I'm starting to lose count of the number of promises the Conservatives made before the election that they have ripped up in the last 5 months. Forget the budget deficit, there is a widening trust deficit:
“I can assure you that we have no current plans to relax the Sunday trading laws. We believe that the current system provides a reasonable balance between those who wish to see more opportunity to shop in large stores on a Sunday, and those who would like to see further restrictions.” Instead the government launched a hideously skewed 'consultation' on changes to the law, and plans to introduce back-door reforms have been headed off this week by rebel MPs.
We will invest a record £13 billion in transport for the North....on top of our £50 billion commitment to build High Speed 2 – the new North-South railway linking up London with the West Midlands, Leeds and Manchester – and develop High Speed 3 to join up the North. (Manifesto p12)...electrifying the Midland Main Line from St Pancras to Sheffield.....electrification of the Great Western Main Line –bringing new fast trains on the route. (p12) 'frozen' in June 2015, with plenty of evidence that the Conservatives knew this wasn't a promise they would keep.
We will increase NHS spending every year. (Conservative Manifesto p9). All depends how you measure it. Rising in cash terms, but falling as a % of GDP.
we will back British businesses (p18) (unless they make solar panels, steel....)

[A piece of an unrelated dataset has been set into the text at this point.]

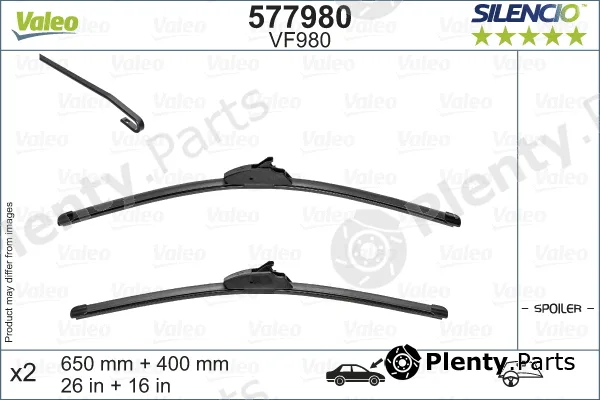 Valeo 577980 — Wiper Blade SILENCIO FLAT BLADE SET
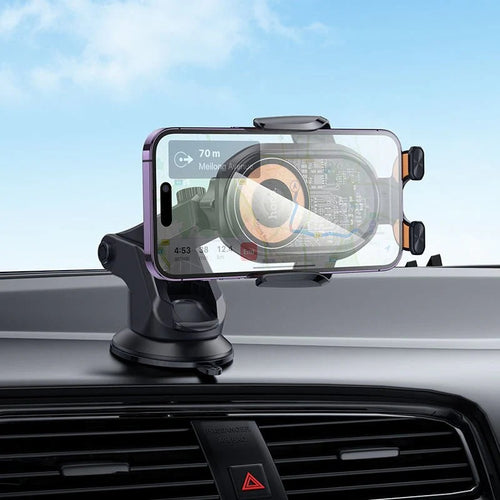 Wireless Charging Car Holder – 15W Fast Charge Auto-Clamp Phone Mount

we will freeze working age benefits for 2 years from April 2016 (p29). I.e. they won't fall. A pledge Cameron repeated in the election campaign on a specific question about tax credits.
Both promises broken.
I'm posting this not because I'm a standard lefty Anglican, but because I think trust is vital, and people who break trust, especially those who have specifically asked for it, need to be called out. If we get to a stage where words mean nothing, where they are said for effect (to get votes) rather than for meaning or truth content (i.e. you actually mean them) then we're stuffed. We can't afford to get used to a situation where we are routinely misled, and accept it as a fact of life, whether it's politicians, phone salesmen or advertisers.
It's hard to avoid the conclusion that Cameron is a serial promise breaker. This is not one or two incidents, where there's an understandable train of events that has derailed best intentions. Its systematic, habitual, deliberate, and seemingly done without shame or apology. If he suggests to Samantha that they renew their wedding vows, she should be seriously worried.